Southwest's Revenue Is Struggling After Fatal Flight 1380
After Southwest's first passenger fatality, which occurred after a piece of engine shrapnel pierced a passenger's window on flight 1380 from New York LaGuardia (LGA) to Dallas Love Field (DAL) back in April, the carrier has been bracing for revenue drops.
Originally it predicted a 1% to 3% drop in revenue for each seat it flies per mile. Now, Southwest is estimating the decreased revenue to register on the higher end of the spectrum, at about 3% decrease per available seat mile, the low-cost carrier said Monday.
The negative affect on the airline's bottomline can be most directly attributed to the airline's shift in marketing following the incident. Out of respect for the victims, Southwest decided to intentionally stop marketing and change its branding temporarily to a more somber tone – a noticeable difference for the typically cheerful presentation of the carrier.
Southwest had previously predicted 5% growth this year, but now it's seeing closer to 4% growth due to the incident in conjunction with the overall trends of the industry and increased fuel prices.
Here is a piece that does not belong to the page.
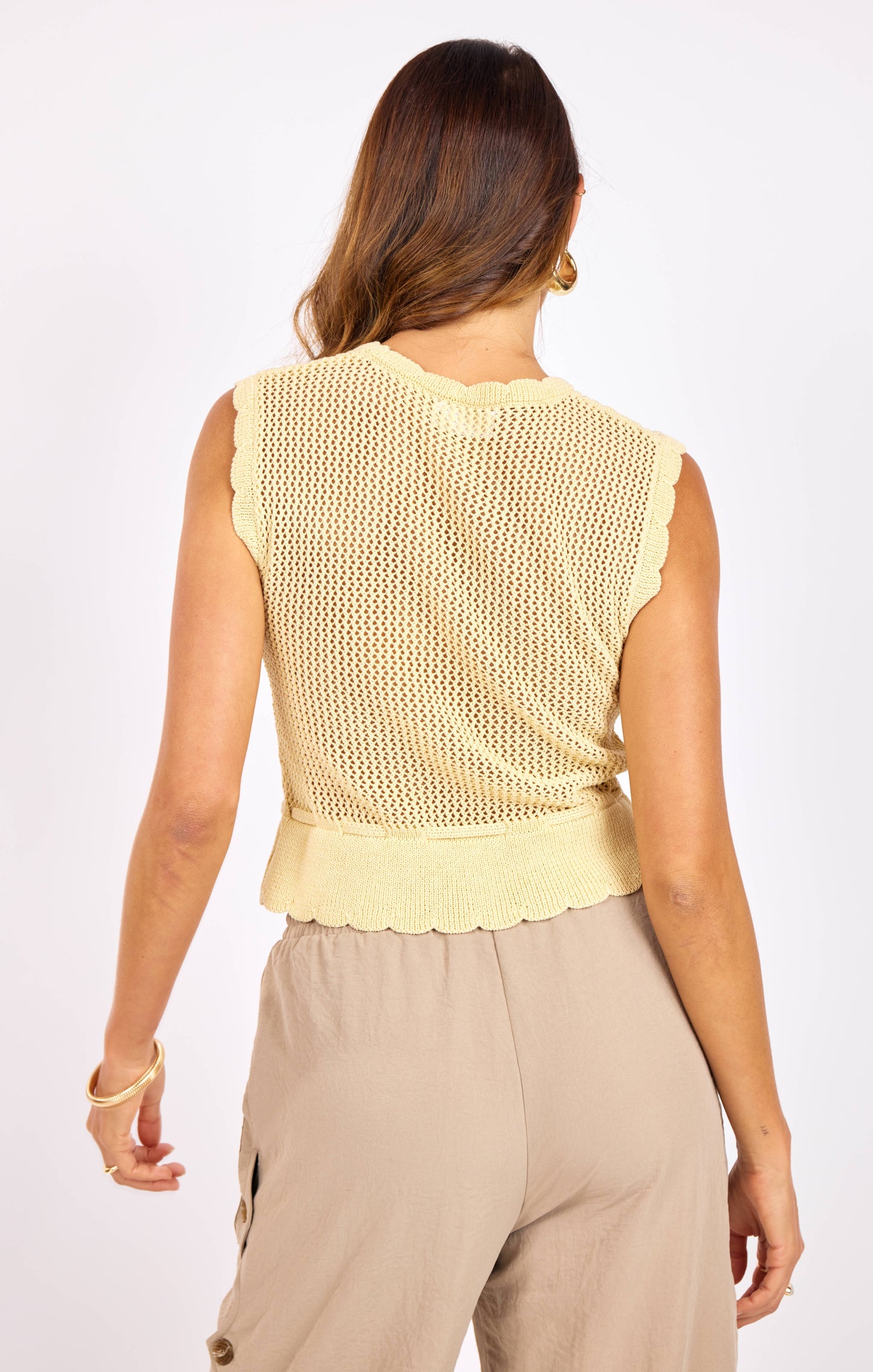 Sage The Label Dawn Sweater Tank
As for its performance on Wall Street, shares of Southwest are down 22% so far for the year, while the NYSE Arca Airline index is only down about 10%, according to CNBC.
The deadly incident on flight 1380 unfolded when an engine fan blade broke off of the Boeing 737, striking a window, shifting cabin pressure and sucking a passenger partially outside the aircraft. That passenger, 43-year-old Jennifer Riordan, later died from her injuries after being in critical condition at a nearby hospital. Seven other passengers were treated for minor injuries on the site.